Mr. Speaker, as far as those who are supportive of the bill, Canadian workers are supportive. I need no other validators besides Canadian workers. Those working and those who are unemployed have said to me for the past 20 years in which I have been an EI advocate in different venues that this is what they want to see happen. I have not met a laid off worker yet who has not said, “My severance shouldn't be touched”.
As far as the costing, it is simply a delaying tactic. Severance delays unemployment insurance. People can still collect the same amount of employment insurance at the end. If they are so unfortunate as to be unemployed that length of time, they simply eat up their severance and their entitlement to EI.
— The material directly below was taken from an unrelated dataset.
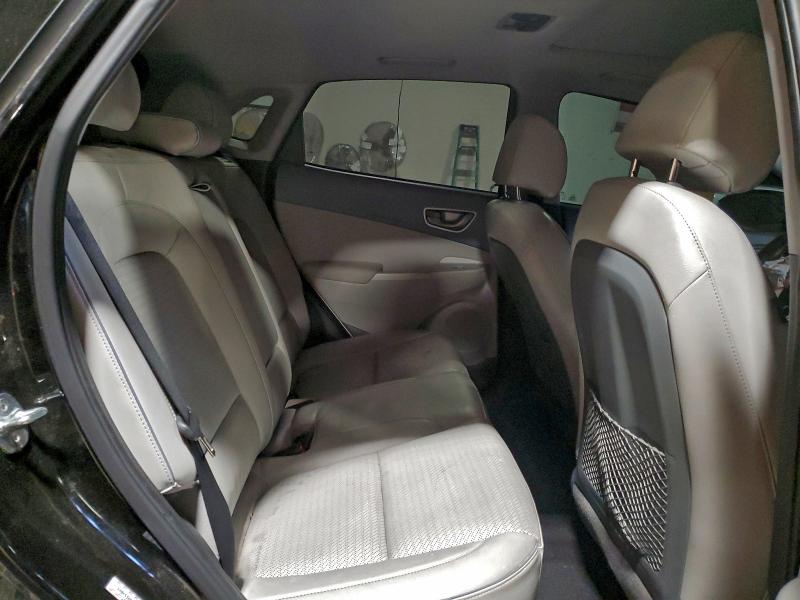 Фото 11 - HYUNDAI KONA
There is no cost to the EI system per se because of severance pay. What it does do is it lets people keep their house. It perhaps lets people keep their youngsters who may be involved in recreational or cultural activities in those activities for perhaps an extra month or two. It keeps people out of abject poverty hopefully until they can get a job. That is what keeping their severances does, at no cost to the EI fund. They will qualify for EI anyway and they will collect those numbers of weeks. The old argument was, if people received EI from day one, and had eight weeks worth of severance, we could take that out of the fund by that eight weeks.
In this day and age that is not the case. We all know that. The workers are entitled to it. They ought to be able to keep it. Hopefully the House will pass the bill.